XAN SALGUEIRO - SILLEDA
Los máximos responsables del nuevo gobierno de Silleda mantuvieron durante esta semana reuniones con distintas empresas que prestan servicios al ayuntamiento para retomar asuntos pendientes del anterior mandato. Una de ellas fue con Mario Santos, responsable de zona de Espina y Delfín, compañía adjudicataria del servicio de abastecimiento de agua, saneamiento y depuración. Por parte del ejecutivo municipal, concurrieron la alcaldesa, Ofelia Rey Recimil, y su teórica mano derecha, Javier Presas Saborida.
Este primer encuentro con la concesionaria del agua, celebrado el pasado miércoles, concluyó sin ningún tipo de avance.

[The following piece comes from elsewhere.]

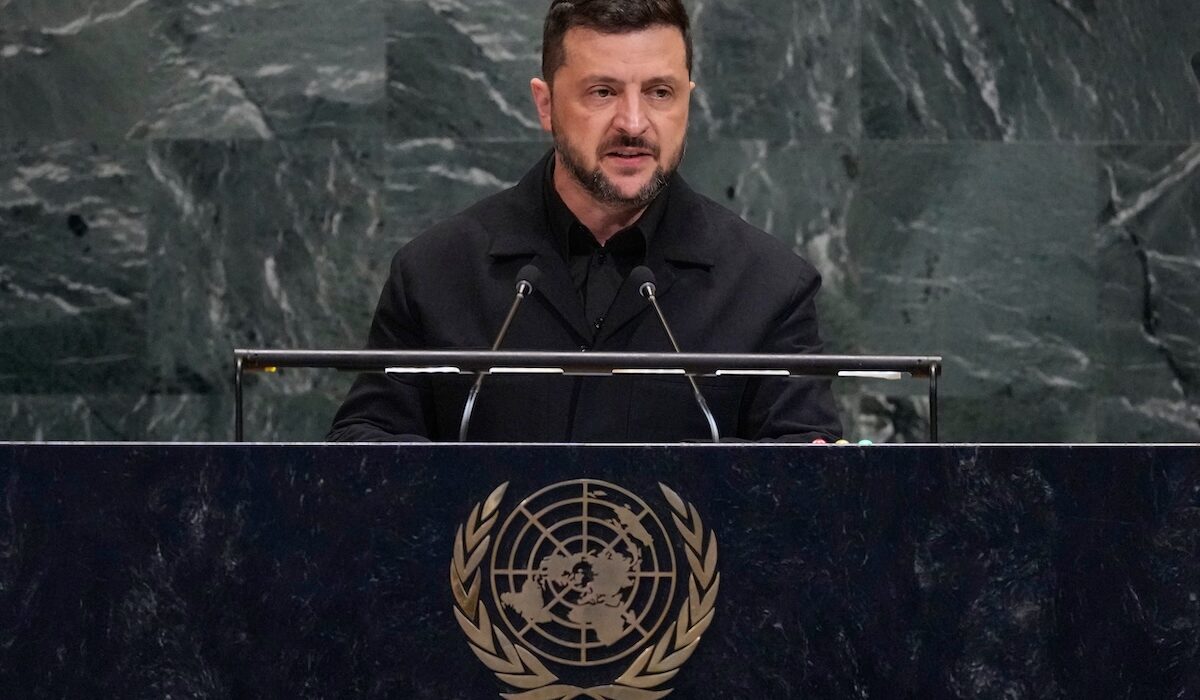 Βολοντίμιρ Ζελένσκι ΟΗΕ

Únicamente sirvió para poner en conocimiento de la alcaldesa la situación en que se halla el contrato con la empresa, los precios del suministro y el importe de la deuda contraída.
El propio Mario Santos comentó en la reunión que la compañía había realizado varios estudios, a petición del equipo de Paula Fernández Pena, sin que se llegase a adoptar "ningunha decisión definitiva". Tras esta primera toma de contacto, Espina y Delfín hará llegar al concello los estudios llevados a cabo, quedando pendiente una próxima reunión para analizar con detalle todos estos puntos.

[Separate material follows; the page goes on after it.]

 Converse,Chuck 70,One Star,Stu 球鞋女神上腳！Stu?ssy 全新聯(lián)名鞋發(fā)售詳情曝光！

Cabe recordar que el precio del recibo del agua en Silleda –adjudicada durante los gobiernos del Partido Popular– es uno de los más caros de Galicia y, desde luego, es mucho más elevado que el de municipios vecinos como Lalín, A Estrada o Vila de Cruces, unos con más y otros con menos población. Así, mientras en Trasdeza un recibo trimestral de bajo consumo ronda los 50 euros, en la capital dezana y en la estradense se queda en la mitad. Rey indicó que quiere rebajar el agua, pero no cómo lo hará. Sí apuntó su intención de suprimir la mesa que daba voz a los colectivos sociales.